# Work to complete:
The expected output is the data below, character for character, without its pictures.

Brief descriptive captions
= Beginning of Section =

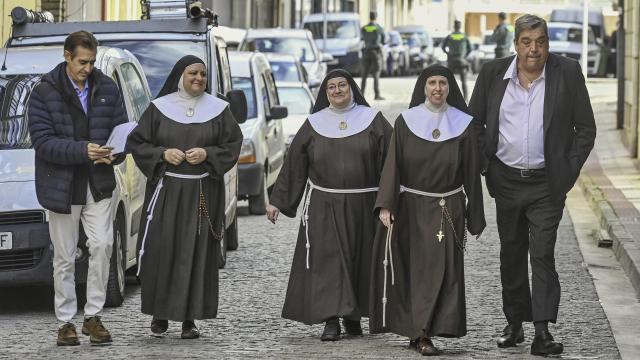 Las exmonjas de Belorado acudiendo a declarar al juzgado del municipio burgalés de Briviesca, el pasado mes de mayo
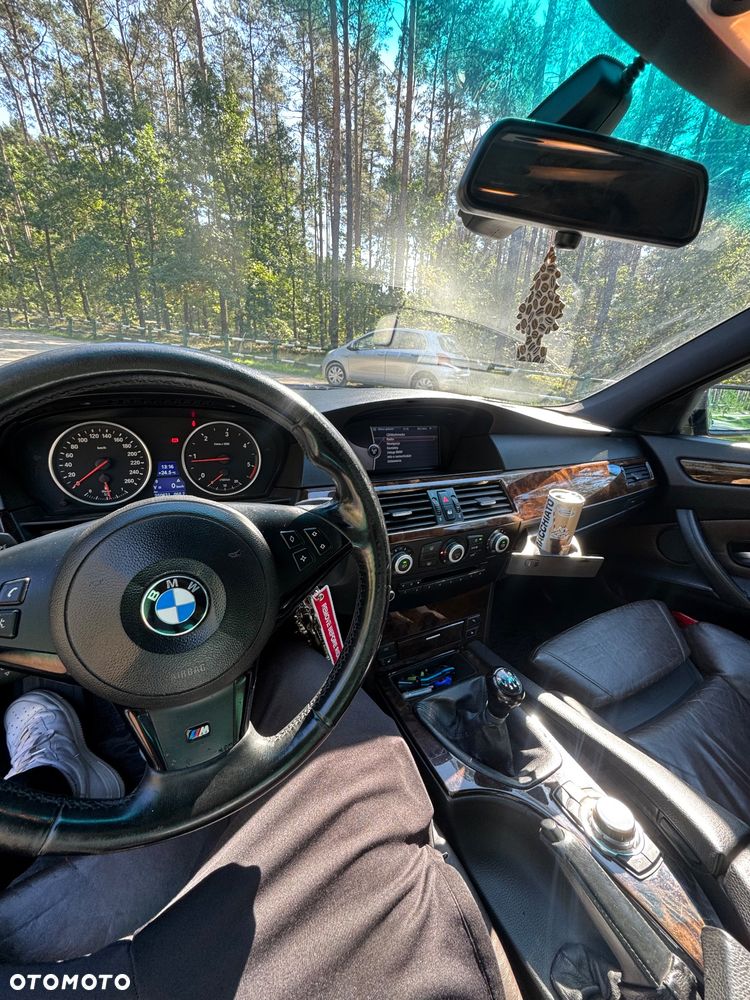 BMW Seria 5 525d - 15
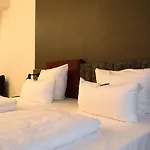 Bed & Breakfast Am Schlosstheater 4*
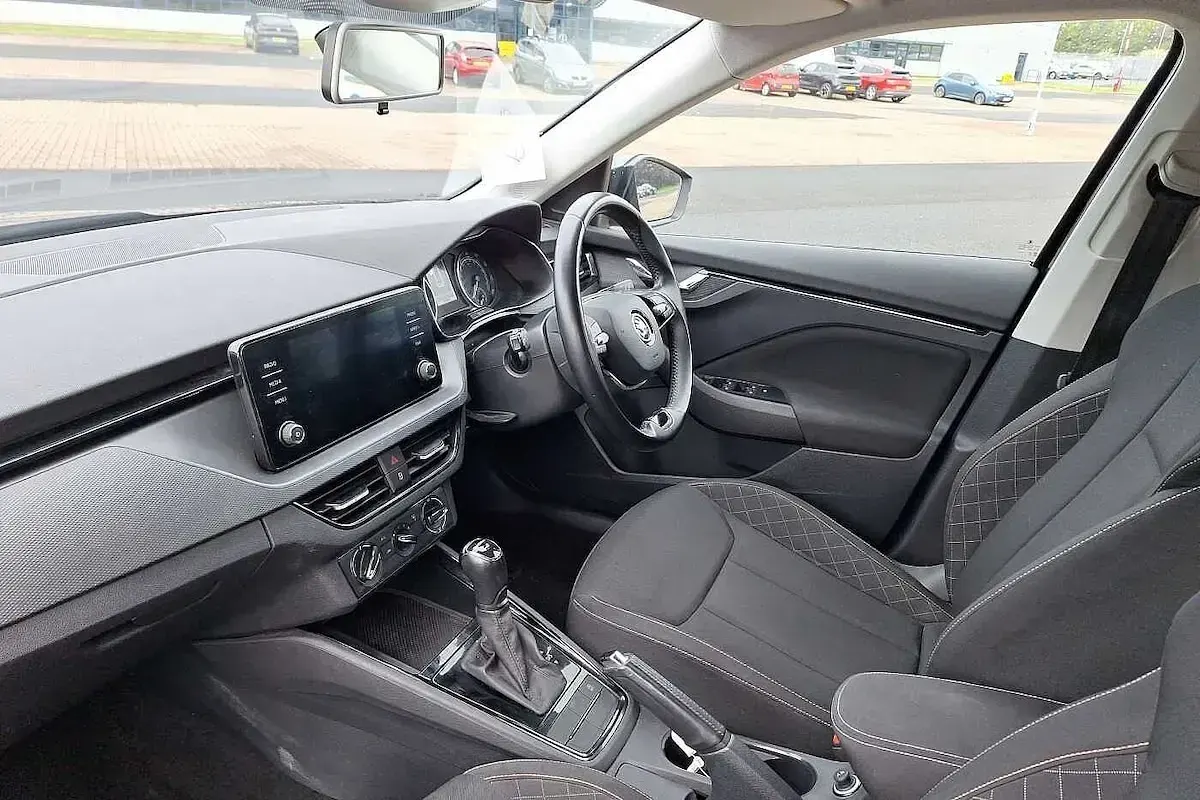 Used Skoda 110 R SE 81 HP (59 kW) 2021 Black magic pearl effect Estate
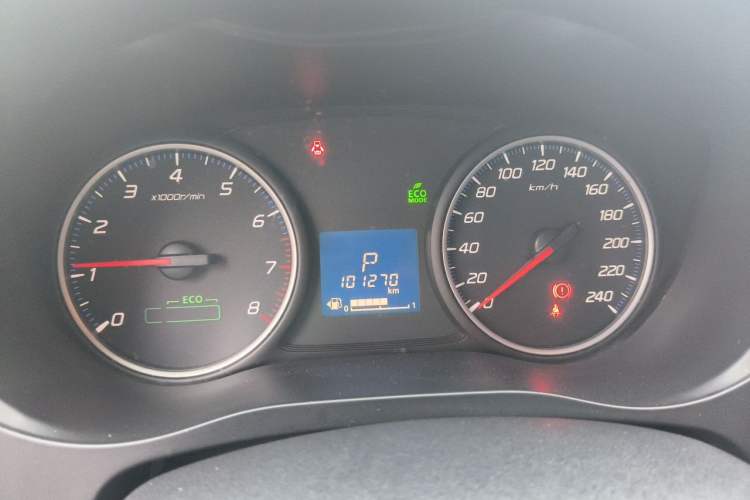 Used Mitsubishi Outlander 2018 2.0L Two-Wheel Drive Glory Edition 5 Seats Instrument Cluster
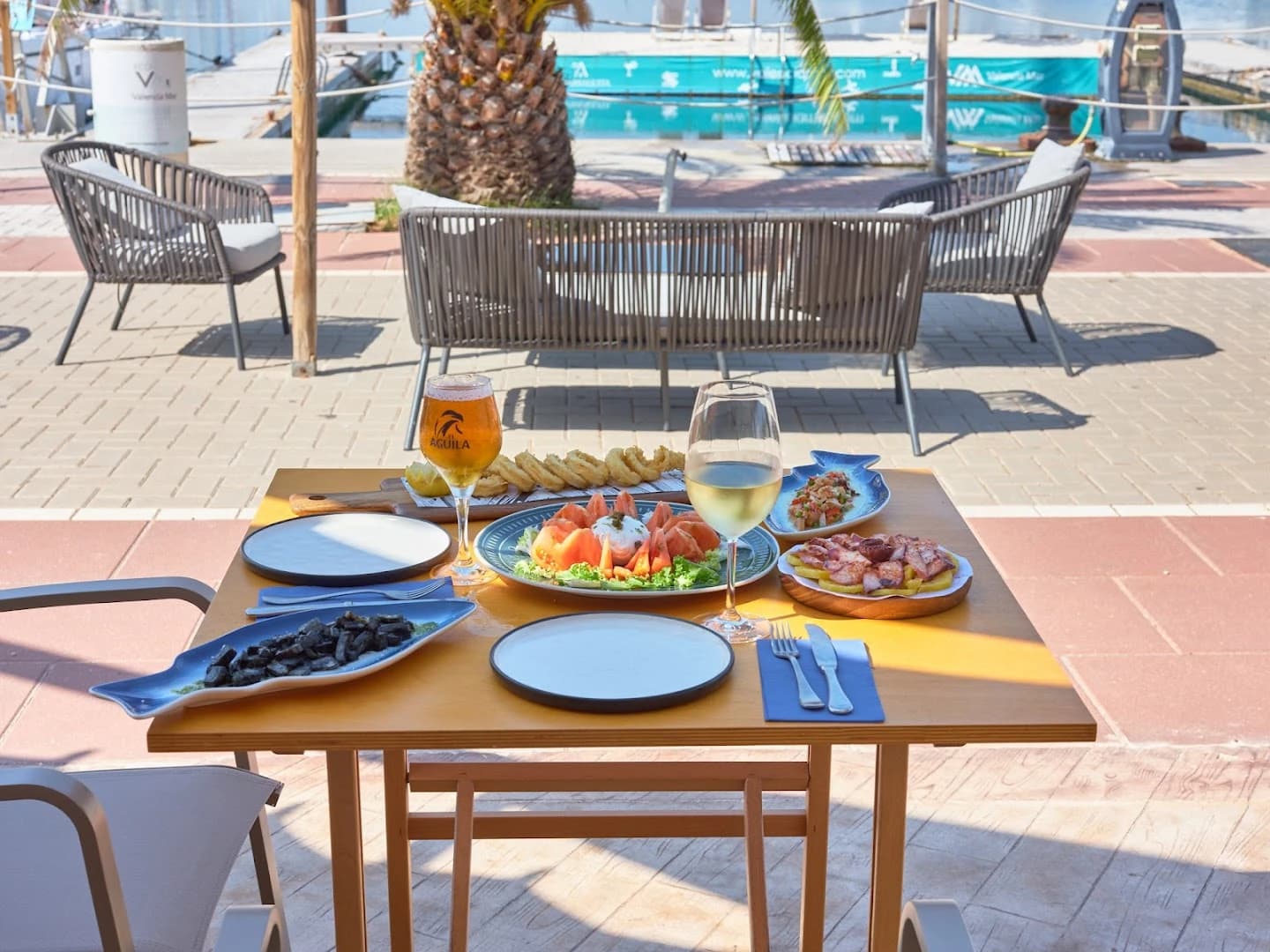 La Barraquita Beach Club & Restaurant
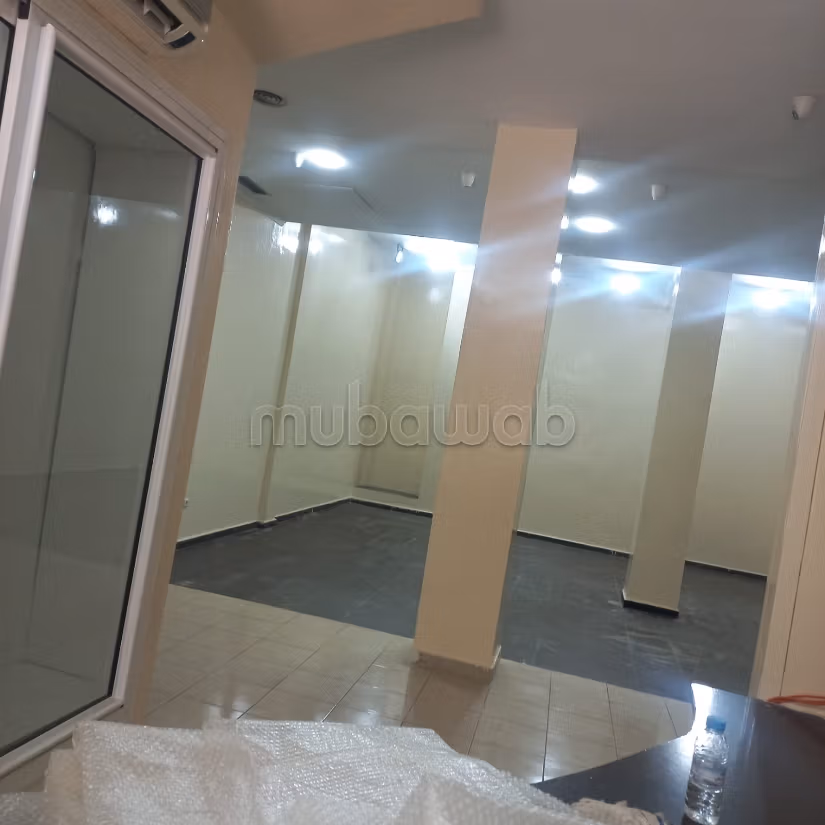 Offices & shops to rent in Mers Sultan. Large area 210 m²
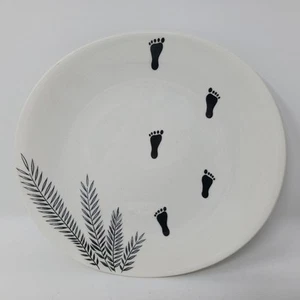 Plato de cena Wedgwood & Co. Man Friday Mid Century hecho en Inglaterra negro crema - Imagen 1 de 3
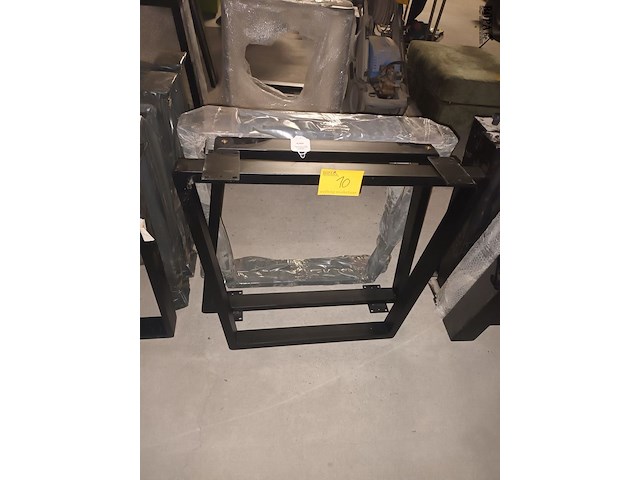 Lot 10 - metalen tafelpoten trapezium. 4 stuks - afbeelding 1 van  3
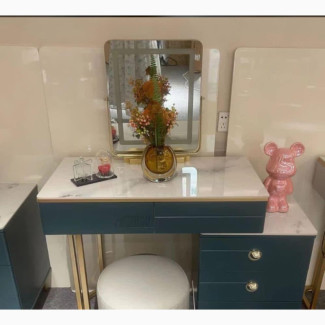 Dressing Mirror and Table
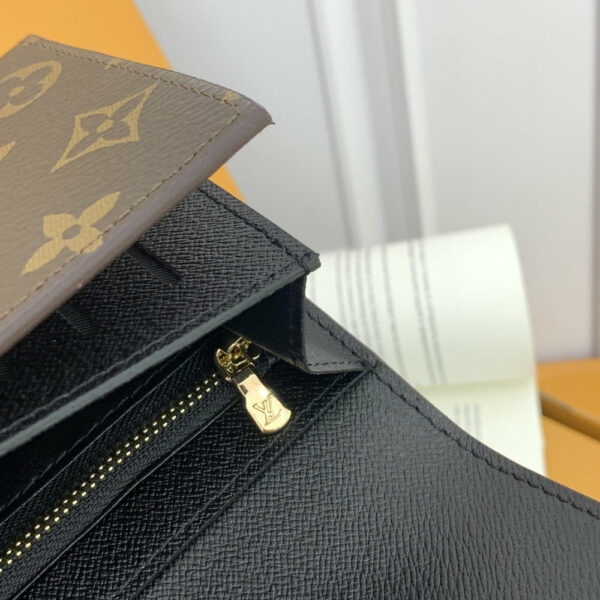 Luxury LV Wallet M58108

= End of Section =

# Written answer:
 Las exmonjas de Belorado acudiendo a declarar al juzgado del municipio burgalés de Briviesca, el pasado mes de mayo
 BMW Seria 5 525d - 15
 Bed & Breakfast Am Schlosstheater 4*
 Used Skoda 110 R SE 81 HP (59 kW) 2021 Black magic pearl effect Estate
 Used Mitsubishi Outlander 2018 2.0L Two-Wheel Drive Glory Edition 5 Seats Instrument Cluster
 La Barraquita Beach Club & Restaurant
 Offices & shops to rent in Mers Sultan. Large area 210 m²
 Plato de cena Wedgwood & Co. Man Friday Mid Century hecho en Inglaterra negro crema - Imagen 1 de 3
 Lot 10 - metalen tafelpoten trapezium. 4 stuks - afbeelding 1 van  3
 Dressing Mirror and Table
 Luxury LV Wallet M58108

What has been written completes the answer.